**Exercise inputs**
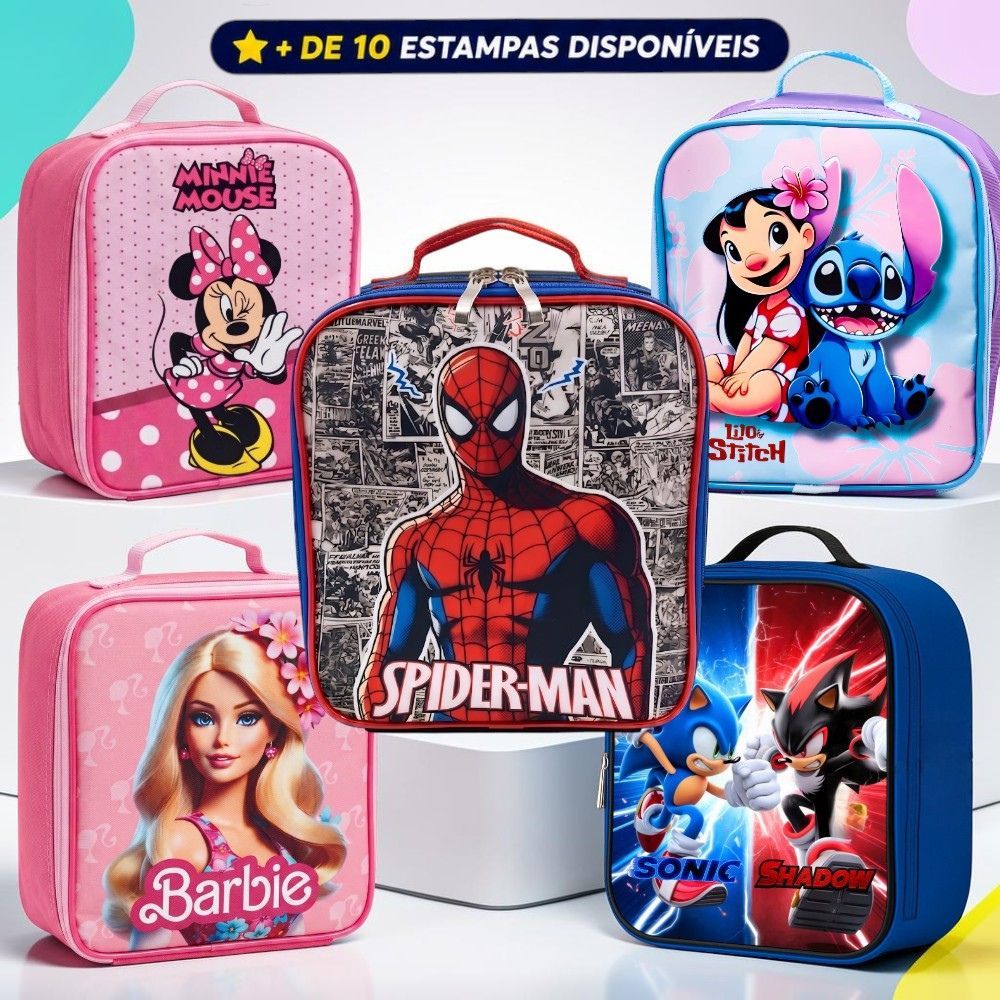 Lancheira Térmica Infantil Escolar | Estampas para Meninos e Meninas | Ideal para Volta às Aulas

---

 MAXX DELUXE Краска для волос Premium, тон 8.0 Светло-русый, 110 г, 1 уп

--

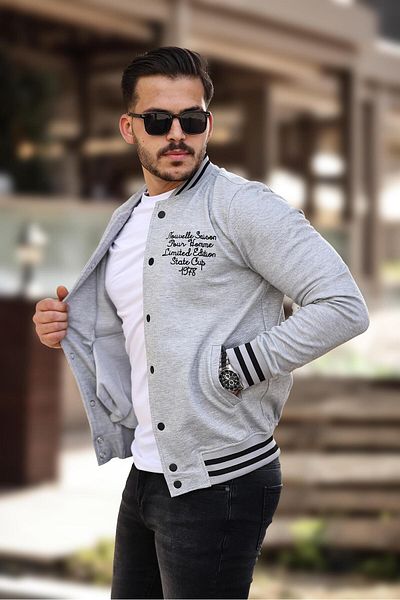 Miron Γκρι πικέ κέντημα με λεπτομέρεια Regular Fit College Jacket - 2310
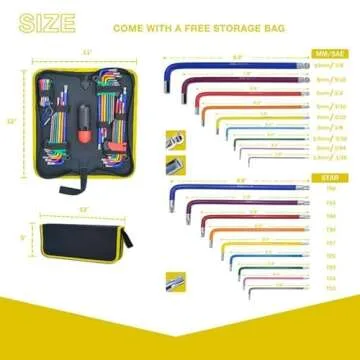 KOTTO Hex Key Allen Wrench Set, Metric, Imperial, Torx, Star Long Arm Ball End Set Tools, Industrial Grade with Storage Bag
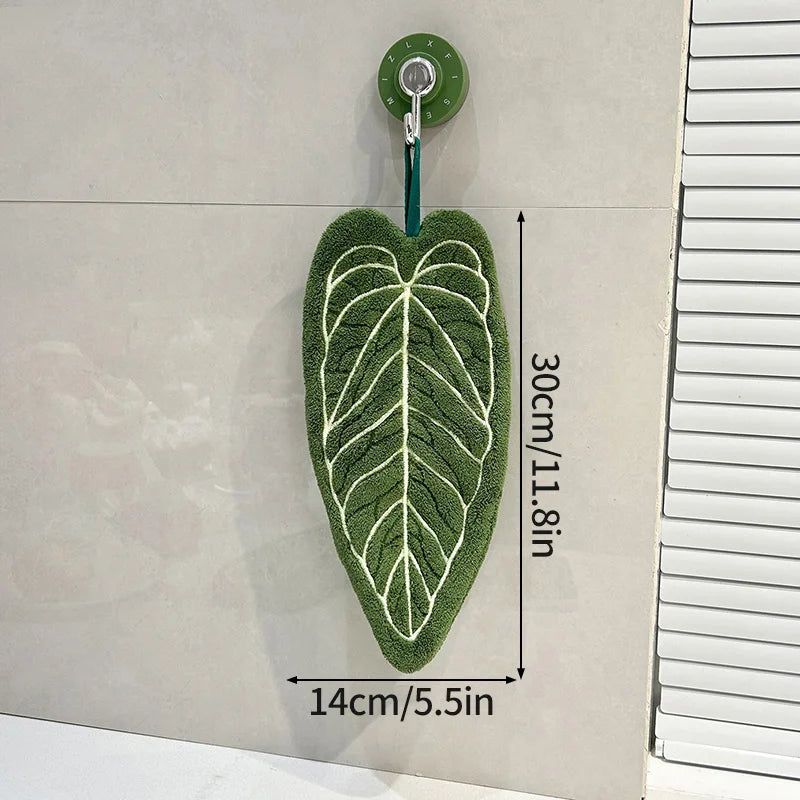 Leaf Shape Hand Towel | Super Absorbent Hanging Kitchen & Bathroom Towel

**Exercise prompt**
From the records above, quote word for word only the lines beginning at the line that has "KOTTO Hex Key" and stopping after the line that has "Leaf Shape Hand". Omit the pictures.

**Exercise solution**
 KOTTO Hex Key Allen Wrench Set, Metric, Imperial, Torx, Star Long Arm Ball End Set Tools, Industrial Grade with Storage Bag
 Leaf Shape Hand Towel | Super Absorbent Hanging Kitchen & Bathroom Towel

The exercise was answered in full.